Missouri Executes 6 Inmates in 6 Months

The state of Missouri has been thrust into the national spotlight for policies regarding the use of the death penalty – and more specifically its frequent and rapidly increasing use. In the past six months, six Missouri inmates have been executed by the state, raising questions and debate among legal experts, civil rights leaders, and everyday citizens throughout the country over the use of capital punishment.

The most recent execution took place this past Wednesday, April 23 when William Rousan was executed for the murders of a 62-year-old woman and her 67-year-old husband in Southeast Missouri in 1993. Rousan was the sixth Missouri inmate to be executed since November, 2013. Prior to November, the latest execution took place in February, 2011. Missouri is now tied with Texas and Florida for the most executions in 2014 so far.

On the eve of Rousan's execution, anti-death penalty groups held 10 vigils throughout the state. One member from the anti-death penalty group Missourians for Alternatives to the Death Penalty stated that the vigils were meant to show that there is "not universal acceptance of this policy of killing human beings." Roman Catholic bishops in Missouri also released a statement on Good Friday calling for an end to the state's death penalty.

A Divisive Subject

In recent months, the debate over Missouri's death penalty has peaked, including objections from death penalty opponents and Rousan's legal team regarding the secrecy of chemicals used for lethal injections.

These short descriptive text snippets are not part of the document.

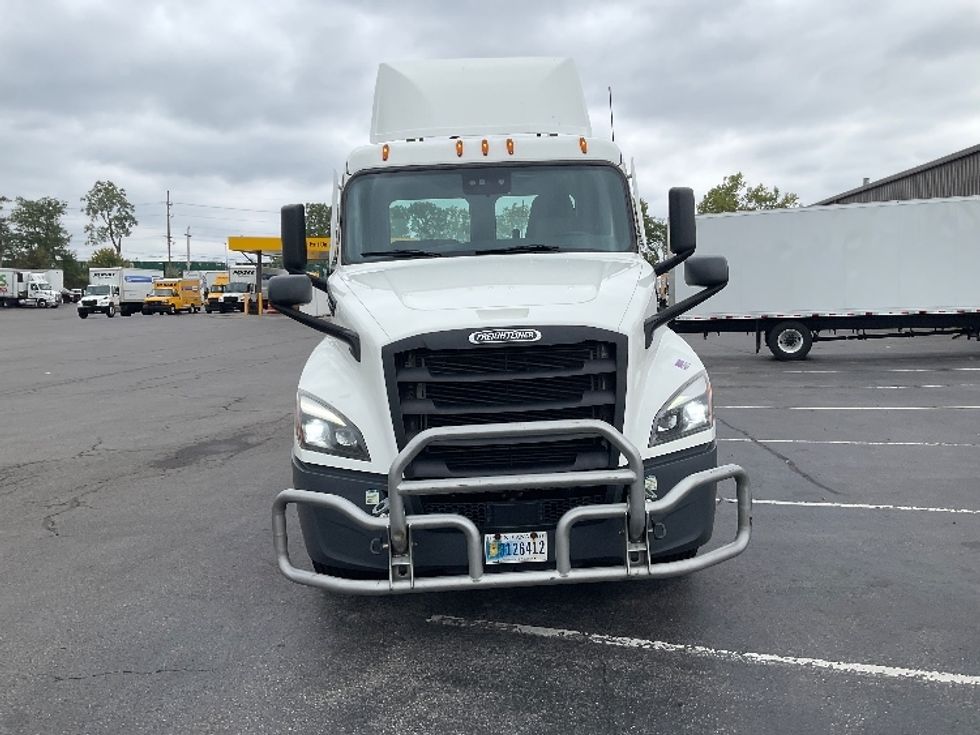 Day Cab Tractor-Heavy Duty Tractors-Freightliner-2022-T12664ST-Buffalo-NY-491,031\n\t\tmiles-$ 44,750 - Image 2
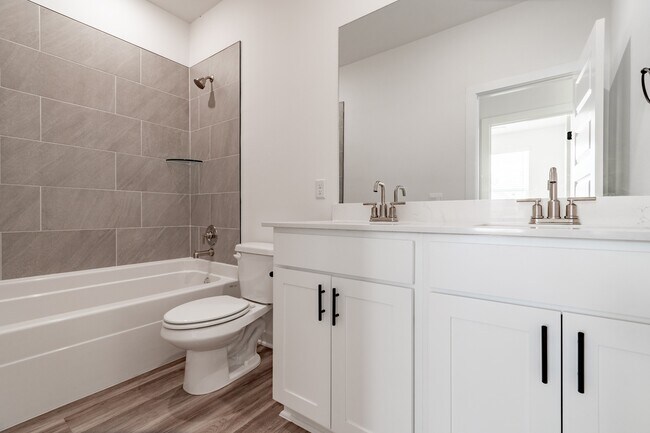 Building Photo - 429 W Gosling Isle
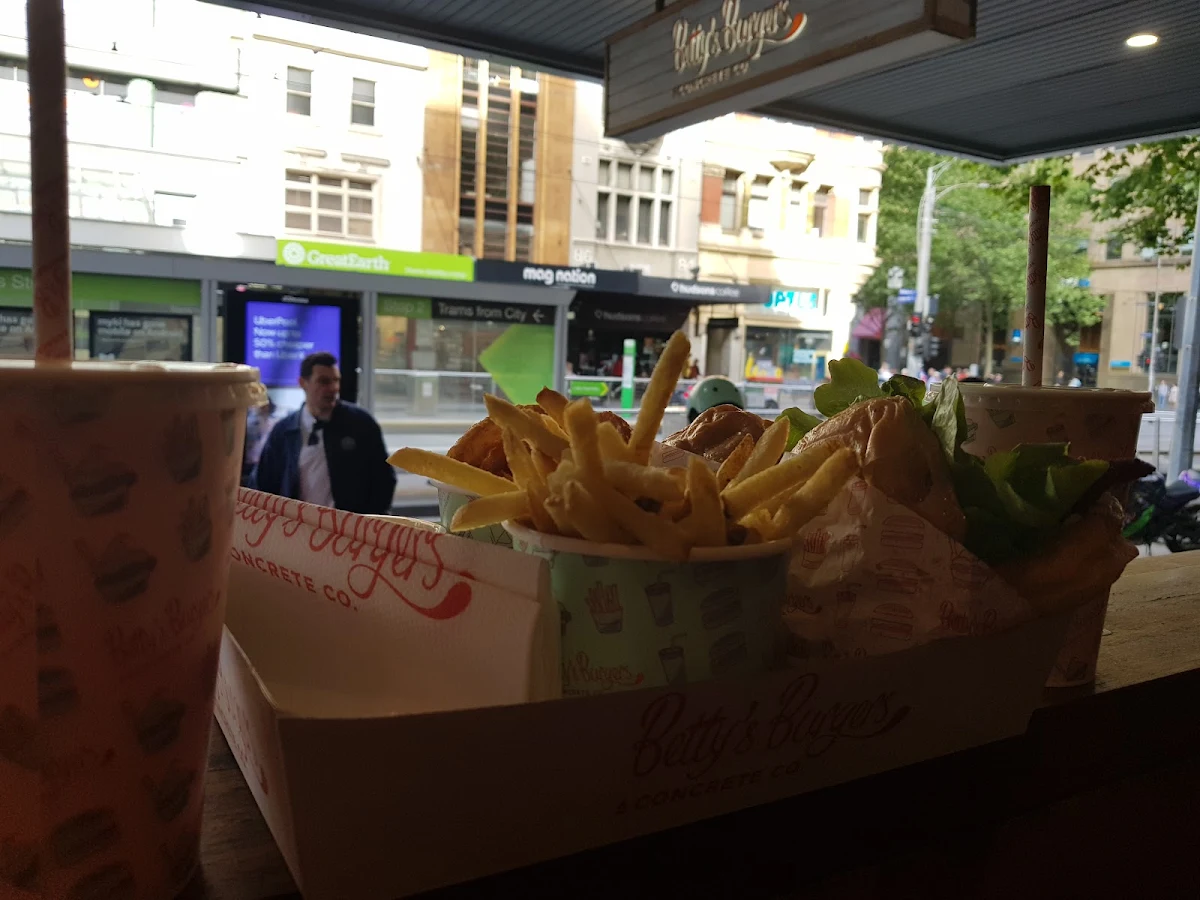 Vibe, Betty's Burgers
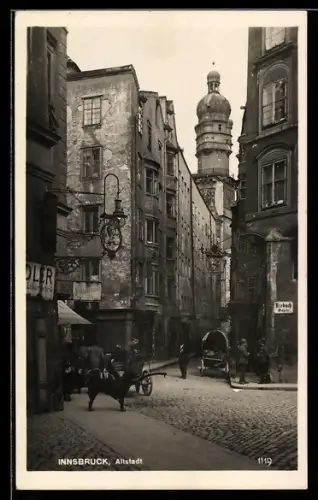 AK Innsbruck, Altstadt, Gasse mit Pferdekutsche und Turm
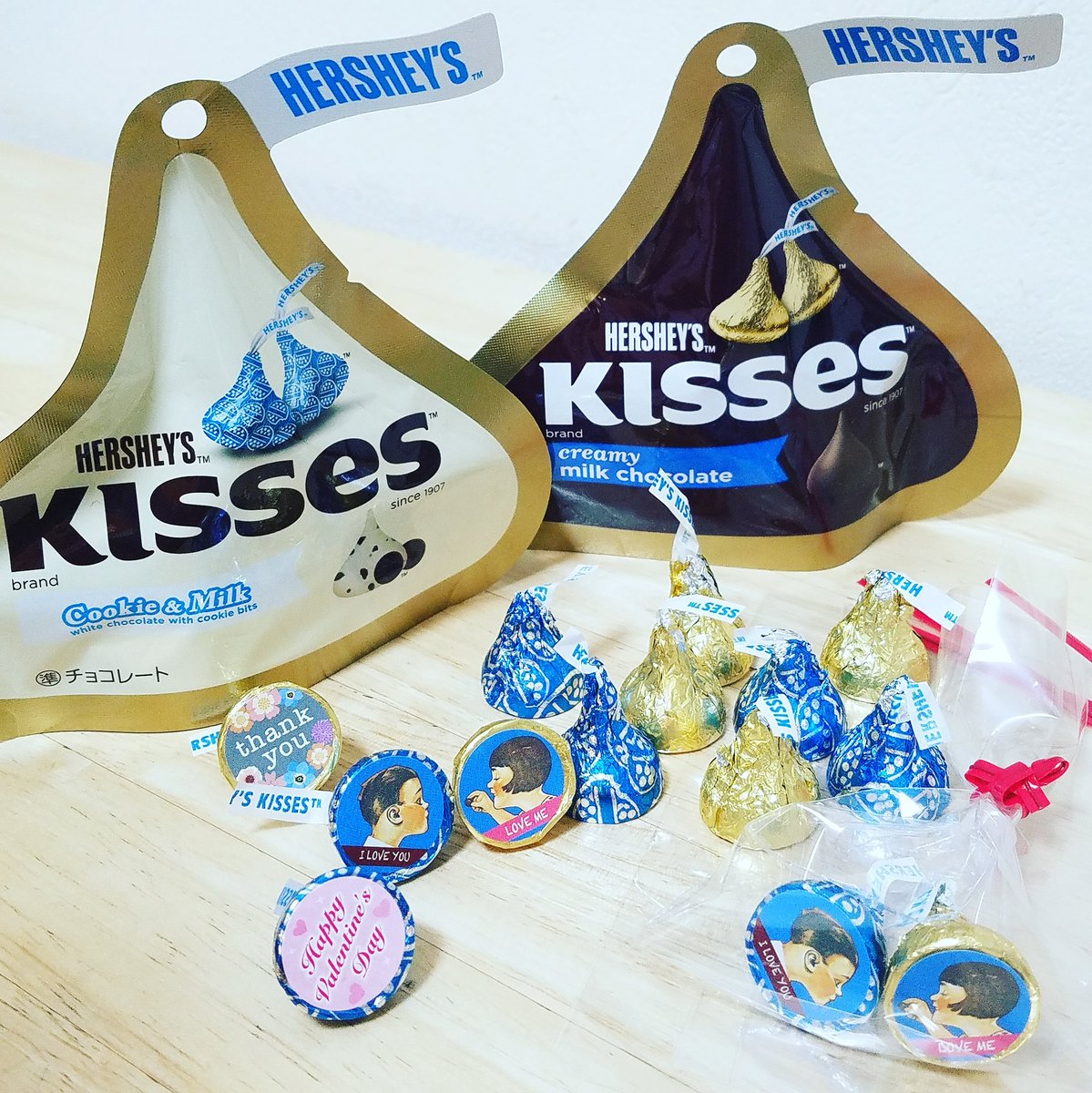 りんごちゃん Twitter પર Hersheys キスチョコバレンタイン 大好きなhersheys キスチョコ 形も可愛いしバレンタイン用にシールで可愛くデコってラッピング シールはホームページからダウンロード みんなに配ったら喜ばれるなぁ キスチョコシール りんごちゃん Twitter પર Hersheys キスチョコバレンタイン 大好きなhersheys キスチョコ 形も可愛いしバレンタイン用にシールで可愛くデコってラッピング シールはホームページからダウンロード みんなに配ったら喜ばれるなぁ キスチョコシール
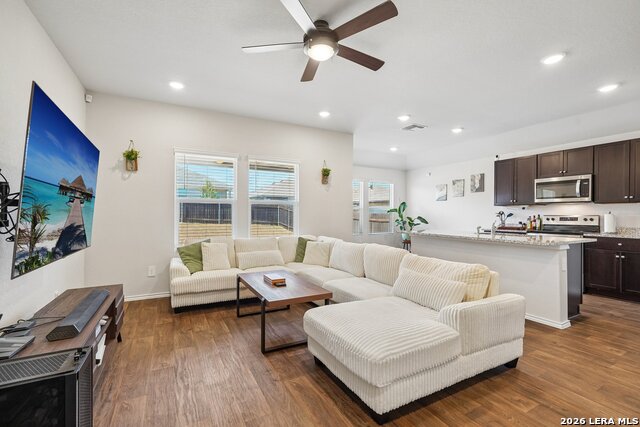 841 Bahia Pl Property Photo 3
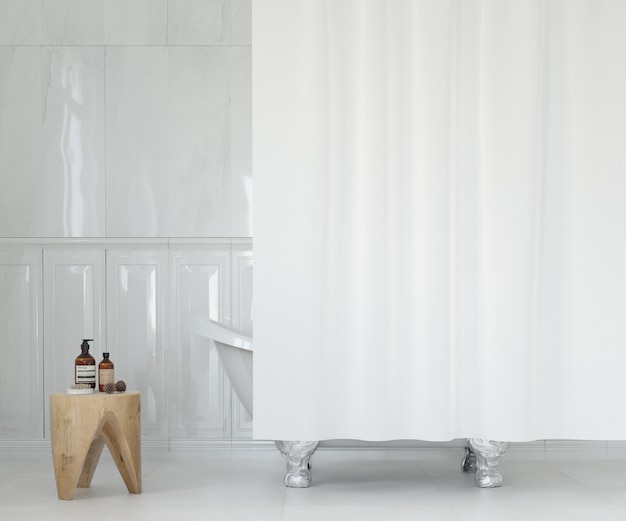 Elegante baño con cortina blanca.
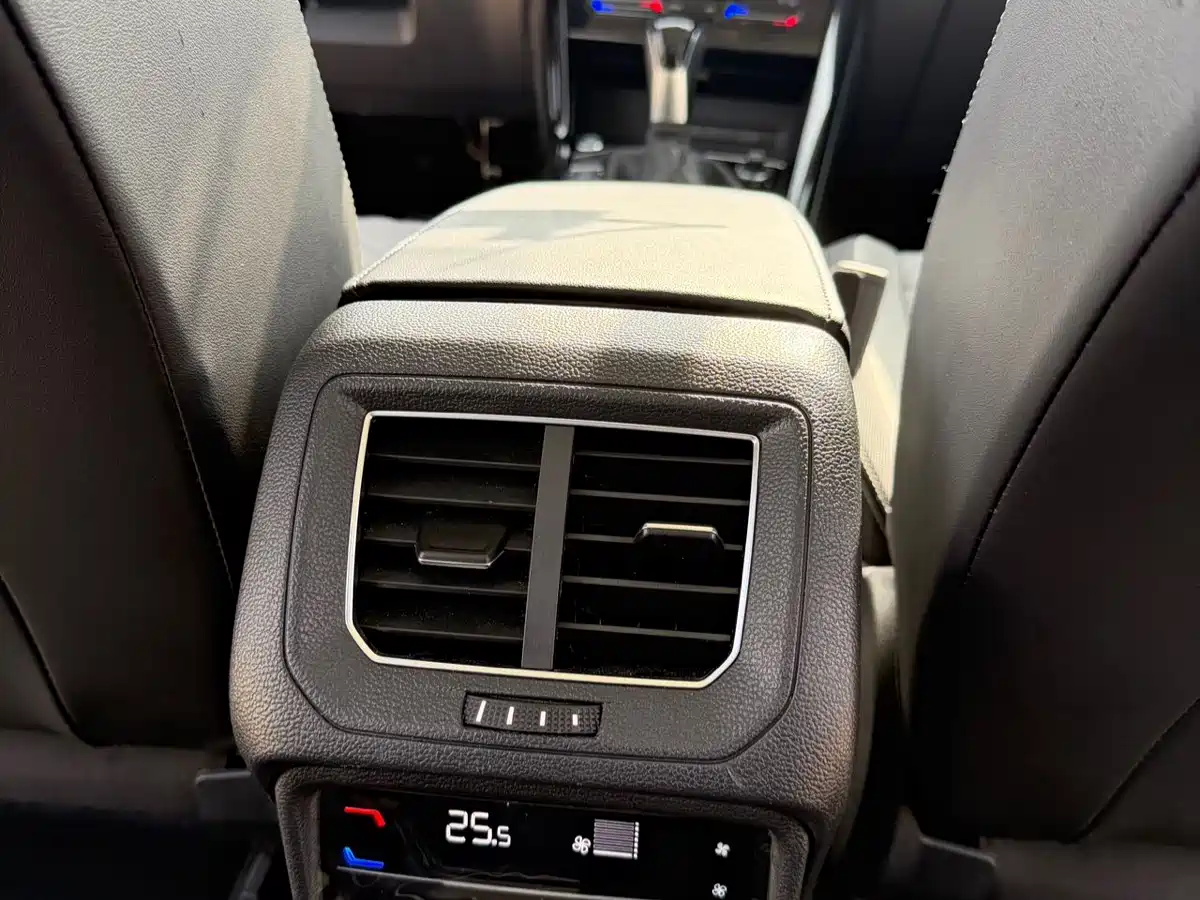 Volkswagen Tayron 2023 280TSI 2WD Luxury Plus Advanced Edition фото 10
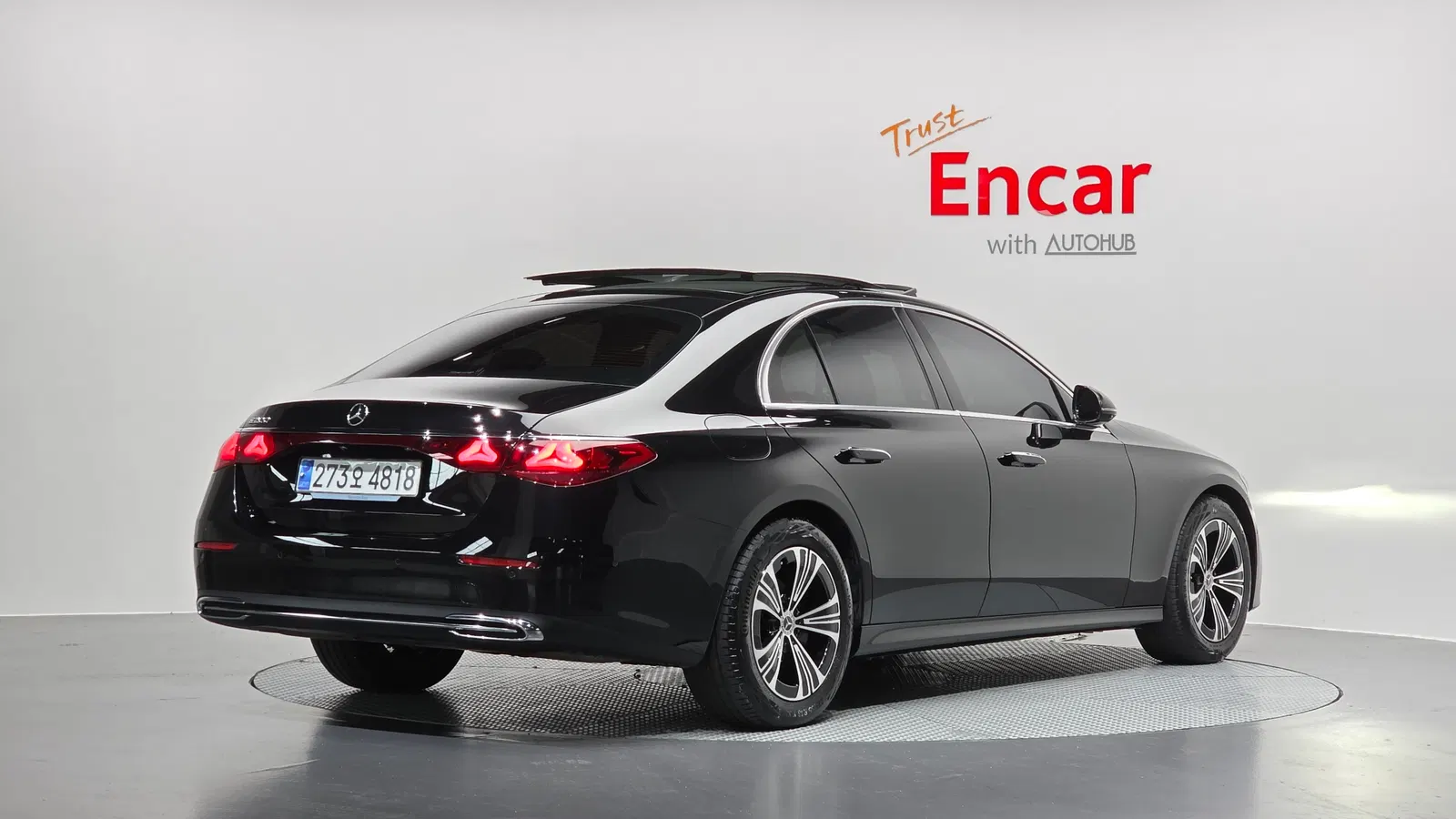 Mercedes-Benz Classe E E200 Avantgarde (W214) 2025 — photo 1 sur 30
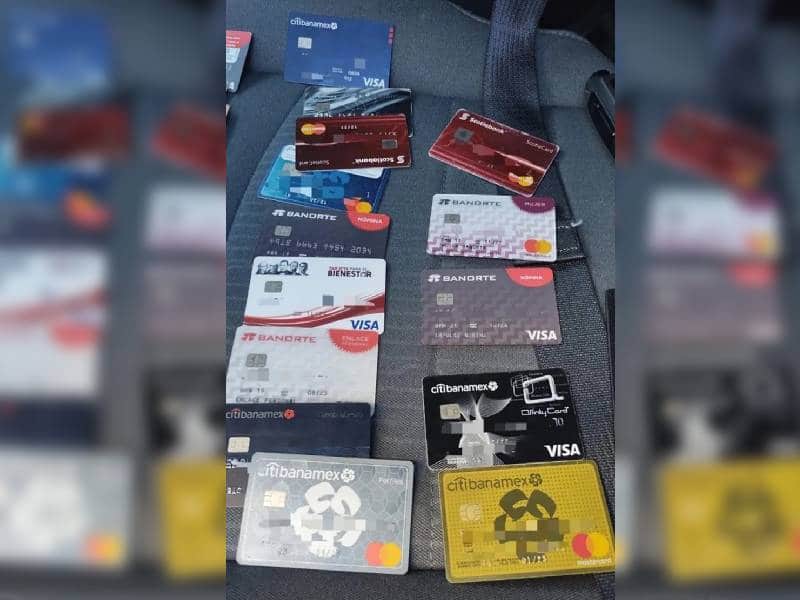 Detienen a extranjeros con 23 tarjetas de crédito, con diferentes nombres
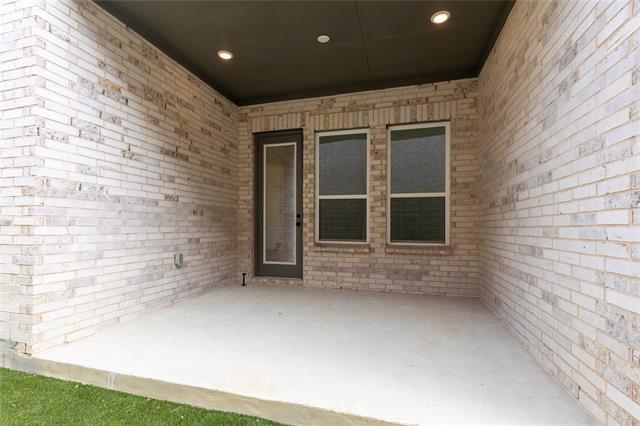 Building Photo - 15668 Gladeside Ave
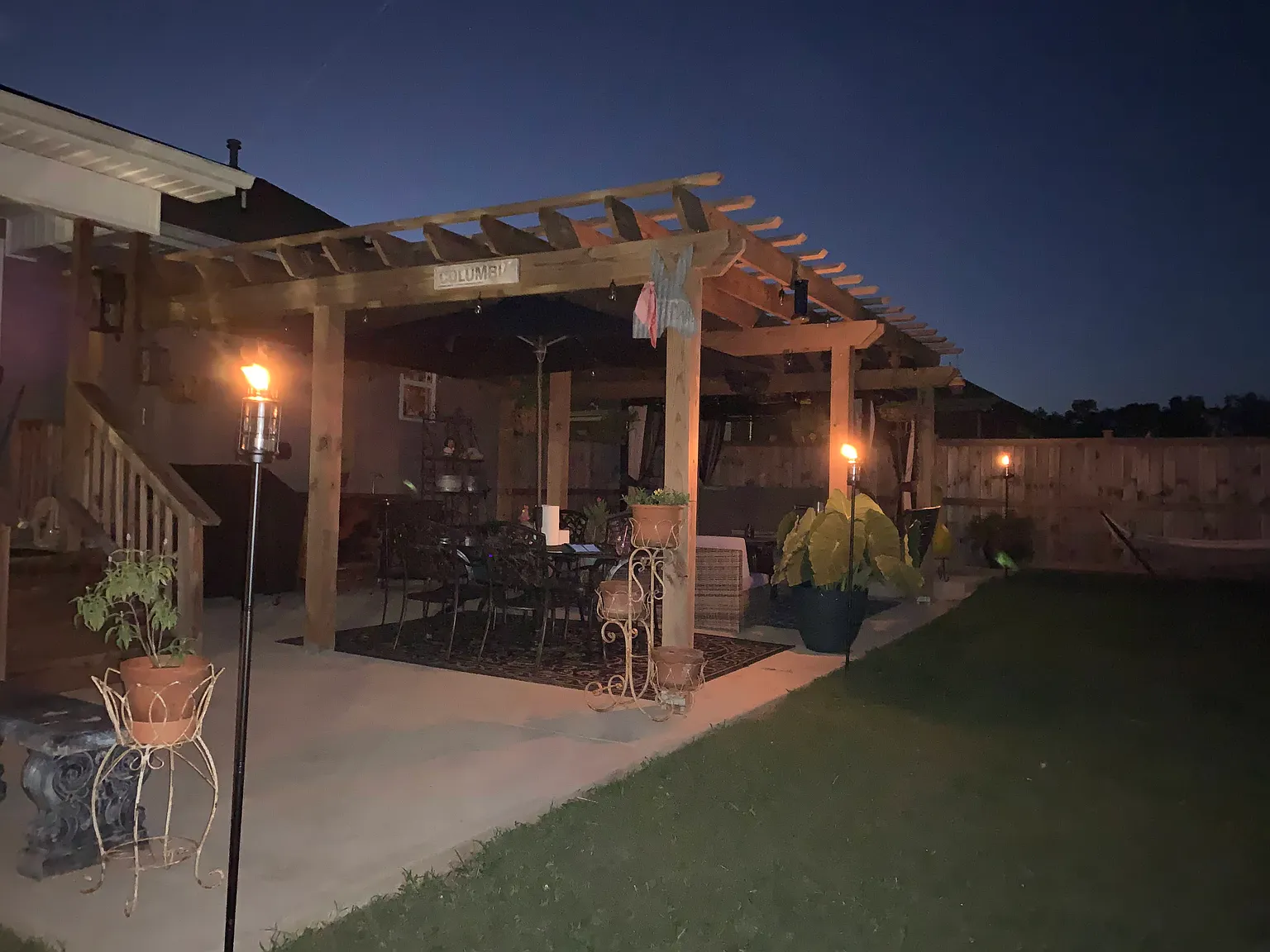 3 bed, 1450 sqft, $2,100 — Photo 1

Similar debates have taken place in other states. Earlier this week, the state of Oklahoma halted two executions after questions surfaced regarding the state's secretive laws concerning lethal injection chemicals. Lawyers are questioning why states are refusing to reveal the source of chemicals.

The death penalty issue is one that involves profound and divisive issues that ultimately boil down to the state's ability to take human life. While this question is one that will likely remain a dividing issue for people throughout the country, additional legal questions about the chemicals being used, whether or not they constitute cruel and unusual punishment, and whether or not inmates have a right to know what they are being injected with have also been raised. These questions may have more immediate answers.

For now, the death penalty issue seems to be one that will continue to cause controversy, just as it has for many years. By promoting a democratic conversation about other issues, however, advocates and lawmakers will be able to use the law to challenge current standards and possibly effectuate change. Whether change will come – and when it will come – is still up in the air.